A full text and slides from the presentation are available in the Investor Relations section of Media General's Web site, www.mediageneral.com.

A replay of the webcast is at www.midyearmediareview.com and will remain posted for four weeks.

Forward-Looking Statements
This news release contains forward-looking statements that are subject to various risks and uncertainties and should be understood in the context of the company's publicly available reports filed with the Securities and Exchange Commission. Media General's future performance could differ materially from its current expectations.

About Media General
Media General (NYSE:MEG) is an independent communications company situated primarily in the Southeast with interests in newspapers, television stations, interactive media and diversified information services. The company's publishing assets include The Tampa Tribune, the Richmond Times-Dispatch, the Winston-Salem Journal and 22 other daily newspapers in Virginia, North Carolina, Florida, Alabama and South Carolina, as well as nearly 100 other periodicals and a 20 percent interest in The Denver Post.
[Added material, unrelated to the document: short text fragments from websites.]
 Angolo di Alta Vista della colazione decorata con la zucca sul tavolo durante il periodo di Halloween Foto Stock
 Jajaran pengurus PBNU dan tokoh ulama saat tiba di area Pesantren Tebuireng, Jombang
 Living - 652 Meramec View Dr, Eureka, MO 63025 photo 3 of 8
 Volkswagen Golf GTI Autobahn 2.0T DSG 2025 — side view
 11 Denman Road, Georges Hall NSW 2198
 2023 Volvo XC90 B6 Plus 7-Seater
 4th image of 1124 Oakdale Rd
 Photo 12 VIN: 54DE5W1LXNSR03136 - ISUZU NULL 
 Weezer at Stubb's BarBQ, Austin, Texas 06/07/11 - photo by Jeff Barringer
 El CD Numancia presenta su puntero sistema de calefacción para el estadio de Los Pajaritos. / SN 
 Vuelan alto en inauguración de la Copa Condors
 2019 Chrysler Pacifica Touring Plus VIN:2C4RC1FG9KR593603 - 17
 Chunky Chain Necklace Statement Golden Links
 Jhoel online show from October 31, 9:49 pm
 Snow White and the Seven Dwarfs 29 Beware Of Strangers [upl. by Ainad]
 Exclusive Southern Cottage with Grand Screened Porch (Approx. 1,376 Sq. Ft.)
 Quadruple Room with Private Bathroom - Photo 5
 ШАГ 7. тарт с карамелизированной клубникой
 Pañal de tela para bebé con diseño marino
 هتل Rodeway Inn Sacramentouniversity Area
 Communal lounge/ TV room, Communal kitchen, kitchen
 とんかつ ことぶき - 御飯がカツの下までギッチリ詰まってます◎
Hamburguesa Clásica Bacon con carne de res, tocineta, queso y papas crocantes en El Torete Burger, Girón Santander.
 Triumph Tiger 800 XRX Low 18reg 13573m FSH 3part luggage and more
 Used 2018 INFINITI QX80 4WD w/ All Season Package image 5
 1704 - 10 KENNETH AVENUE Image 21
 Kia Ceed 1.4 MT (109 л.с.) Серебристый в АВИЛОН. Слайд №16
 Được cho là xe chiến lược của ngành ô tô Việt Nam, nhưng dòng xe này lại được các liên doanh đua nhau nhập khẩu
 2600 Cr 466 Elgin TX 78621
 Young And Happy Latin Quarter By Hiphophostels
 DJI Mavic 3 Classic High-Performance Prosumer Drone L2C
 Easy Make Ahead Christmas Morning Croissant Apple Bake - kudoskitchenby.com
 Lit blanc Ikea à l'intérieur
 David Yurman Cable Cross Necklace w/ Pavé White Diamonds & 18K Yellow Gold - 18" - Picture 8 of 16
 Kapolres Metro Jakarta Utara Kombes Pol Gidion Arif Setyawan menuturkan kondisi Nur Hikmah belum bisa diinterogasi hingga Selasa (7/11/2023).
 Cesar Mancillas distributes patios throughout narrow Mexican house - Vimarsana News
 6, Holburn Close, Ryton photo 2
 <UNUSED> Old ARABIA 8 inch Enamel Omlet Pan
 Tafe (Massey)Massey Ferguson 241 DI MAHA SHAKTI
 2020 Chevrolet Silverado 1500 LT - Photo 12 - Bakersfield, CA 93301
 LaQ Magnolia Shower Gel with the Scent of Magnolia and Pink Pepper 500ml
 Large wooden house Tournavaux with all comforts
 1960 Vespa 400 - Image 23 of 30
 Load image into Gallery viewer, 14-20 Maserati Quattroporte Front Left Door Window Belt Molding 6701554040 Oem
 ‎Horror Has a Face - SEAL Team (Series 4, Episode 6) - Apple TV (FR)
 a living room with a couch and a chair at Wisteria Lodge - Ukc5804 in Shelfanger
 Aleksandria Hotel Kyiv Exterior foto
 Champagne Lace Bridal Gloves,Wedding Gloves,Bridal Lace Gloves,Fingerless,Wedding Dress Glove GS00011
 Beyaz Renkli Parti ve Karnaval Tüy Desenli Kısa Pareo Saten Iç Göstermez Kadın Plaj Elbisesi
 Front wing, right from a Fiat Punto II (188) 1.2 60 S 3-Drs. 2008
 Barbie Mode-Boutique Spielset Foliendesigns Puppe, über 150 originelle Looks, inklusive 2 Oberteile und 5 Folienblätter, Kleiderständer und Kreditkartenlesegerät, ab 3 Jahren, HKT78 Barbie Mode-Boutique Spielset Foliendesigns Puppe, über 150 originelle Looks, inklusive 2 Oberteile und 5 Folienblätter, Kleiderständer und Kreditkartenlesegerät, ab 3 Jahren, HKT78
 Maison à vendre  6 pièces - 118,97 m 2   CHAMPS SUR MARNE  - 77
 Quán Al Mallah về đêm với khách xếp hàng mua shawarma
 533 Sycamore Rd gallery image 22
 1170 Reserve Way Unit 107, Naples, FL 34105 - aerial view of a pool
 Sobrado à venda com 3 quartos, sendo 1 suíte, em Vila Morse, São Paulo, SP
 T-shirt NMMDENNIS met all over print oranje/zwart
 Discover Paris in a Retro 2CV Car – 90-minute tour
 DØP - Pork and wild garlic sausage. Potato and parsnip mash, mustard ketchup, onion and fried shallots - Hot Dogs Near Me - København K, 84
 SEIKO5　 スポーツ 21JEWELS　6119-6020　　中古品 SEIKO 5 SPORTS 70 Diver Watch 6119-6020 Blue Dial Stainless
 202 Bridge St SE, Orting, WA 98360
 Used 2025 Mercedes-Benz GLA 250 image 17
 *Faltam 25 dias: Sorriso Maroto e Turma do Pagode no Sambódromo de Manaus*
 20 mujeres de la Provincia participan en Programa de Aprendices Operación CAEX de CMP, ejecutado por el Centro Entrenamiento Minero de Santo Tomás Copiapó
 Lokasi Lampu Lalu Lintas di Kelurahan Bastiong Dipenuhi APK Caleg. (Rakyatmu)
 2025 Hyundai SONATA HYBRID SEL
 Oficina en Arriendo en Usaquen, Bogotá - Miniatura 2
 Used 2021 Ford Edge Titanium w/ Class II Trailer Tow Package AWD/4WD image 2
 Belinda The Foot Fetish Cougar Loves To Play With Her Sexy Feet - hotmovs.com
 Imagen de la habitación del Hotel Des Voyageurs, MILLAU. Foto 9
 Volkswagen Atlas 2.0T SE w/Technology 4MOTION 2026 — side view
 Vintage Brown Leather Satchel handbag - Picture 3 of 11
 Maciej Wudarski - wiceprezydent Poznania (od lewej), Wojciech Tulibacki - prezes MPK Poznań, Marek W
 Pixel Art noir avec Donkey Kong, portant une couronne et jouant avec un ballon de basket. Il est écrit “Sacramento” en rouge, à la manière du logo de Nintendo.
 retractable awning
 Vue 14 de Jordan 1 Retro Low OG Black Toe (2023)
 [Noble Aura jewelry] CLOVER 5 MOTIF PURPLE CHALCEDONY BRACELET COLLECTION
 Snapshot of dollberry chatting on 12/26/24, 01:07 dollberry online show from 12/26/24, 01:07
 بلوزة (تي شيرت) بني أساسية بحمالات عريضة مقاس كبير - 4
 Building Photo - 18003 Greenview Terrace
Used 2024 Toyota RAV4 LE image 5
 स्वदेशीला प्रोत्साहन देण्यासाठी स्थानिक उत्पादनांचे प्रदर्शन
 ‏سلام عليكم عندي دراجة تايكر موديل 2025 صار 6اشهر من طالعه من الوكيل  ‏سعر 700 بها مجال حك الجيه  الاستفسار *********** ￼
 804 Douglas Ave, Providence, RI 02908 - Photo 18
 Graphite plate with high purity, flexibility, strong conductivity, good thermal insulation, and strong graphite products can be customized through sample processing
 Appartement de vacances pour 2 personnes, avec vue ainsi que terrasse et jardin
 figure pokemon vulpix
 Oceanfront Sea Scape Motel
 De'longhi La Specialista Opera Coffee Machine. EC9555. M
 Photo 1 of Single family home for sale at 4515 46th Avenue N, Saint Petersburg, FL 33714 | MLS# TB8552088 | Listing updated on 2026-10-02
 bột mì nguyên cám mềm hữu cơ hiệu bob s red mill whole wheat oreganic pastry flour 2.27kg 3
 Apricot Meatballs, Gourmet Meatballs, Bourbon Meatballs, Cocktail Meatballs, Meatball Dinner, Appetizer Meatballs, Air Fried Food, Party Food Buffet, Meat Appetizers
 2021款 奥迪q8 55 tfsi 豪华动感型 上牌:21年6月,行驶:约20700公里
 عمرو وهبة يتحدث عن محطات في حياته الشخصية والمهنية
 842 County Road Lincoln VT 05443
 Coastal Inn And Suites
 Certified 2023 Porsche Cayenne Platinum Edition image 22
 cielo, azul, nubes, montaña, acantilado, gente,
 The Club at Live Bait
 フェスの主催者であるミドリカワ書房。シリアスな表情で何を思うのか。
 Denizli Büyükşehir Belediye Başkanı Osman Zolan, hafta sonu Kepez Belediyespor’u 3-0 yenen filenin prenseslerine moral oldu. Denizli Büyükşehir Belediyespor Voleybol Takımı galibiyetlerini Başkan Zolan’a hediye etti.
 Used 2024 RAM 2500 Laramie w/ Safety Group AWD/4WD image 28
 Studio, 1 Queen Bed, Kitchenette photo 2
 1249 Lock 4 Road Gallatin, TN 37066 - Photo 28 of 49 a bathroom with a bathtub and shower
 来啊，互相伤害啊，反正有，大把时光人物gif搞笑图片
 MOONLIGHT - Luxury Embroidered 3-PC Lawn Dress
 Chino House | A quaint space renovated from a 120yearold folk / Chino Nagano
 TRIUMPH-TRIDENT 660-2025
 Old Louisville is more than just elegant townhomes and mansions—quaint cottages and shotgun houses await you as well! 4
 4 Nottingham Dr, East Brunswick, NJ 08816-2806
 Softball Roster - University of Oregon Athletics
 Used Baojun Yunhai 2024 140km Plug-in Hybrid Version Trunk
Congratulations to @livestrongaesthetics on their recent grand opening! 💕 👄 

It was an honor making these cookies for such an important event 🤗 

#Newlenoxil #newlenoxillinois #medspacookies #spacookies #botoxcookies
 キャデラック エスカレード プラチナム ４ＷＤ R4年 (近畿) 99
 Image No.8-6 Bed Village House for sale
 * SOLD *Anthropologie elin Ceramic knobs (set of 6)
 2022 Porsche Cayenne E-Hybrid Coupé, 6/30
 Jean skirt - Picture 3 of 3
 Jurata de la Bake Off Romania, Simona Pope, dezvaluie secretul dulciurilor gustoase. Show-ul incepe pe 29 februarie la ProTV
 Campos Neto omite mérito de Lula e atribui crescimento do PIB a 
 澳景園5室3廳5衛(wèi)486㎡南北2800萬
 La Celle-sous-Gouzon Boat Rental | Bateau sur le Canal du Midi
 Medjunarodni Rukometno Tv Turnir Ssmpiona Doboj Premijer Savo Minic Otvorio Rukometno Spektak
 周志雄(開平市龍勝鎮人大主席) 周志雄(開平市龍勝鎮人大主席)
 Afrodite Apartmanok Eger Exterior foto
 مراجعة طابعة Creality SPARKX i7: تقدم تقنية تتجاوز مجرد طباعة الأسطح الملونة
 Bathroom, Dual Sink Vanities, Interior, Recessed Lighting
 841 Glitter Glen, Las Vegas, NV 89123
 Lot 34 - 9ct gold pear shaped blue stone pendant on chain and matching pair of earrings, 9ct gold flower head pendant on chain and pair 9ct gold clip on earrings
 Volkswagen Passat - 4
Media General's 26 network-affiliated television stations reach more than 30 percent of the television households in the Southeast, and nearly 8 percent of those in the United States. The company's extensive interactive media offerings include more than 50 online enterprises. Media General also has a 33 percent interest in SP Newsprint Co., which operates newsprint mills in Dublin, Ga., and Newberg, Ore.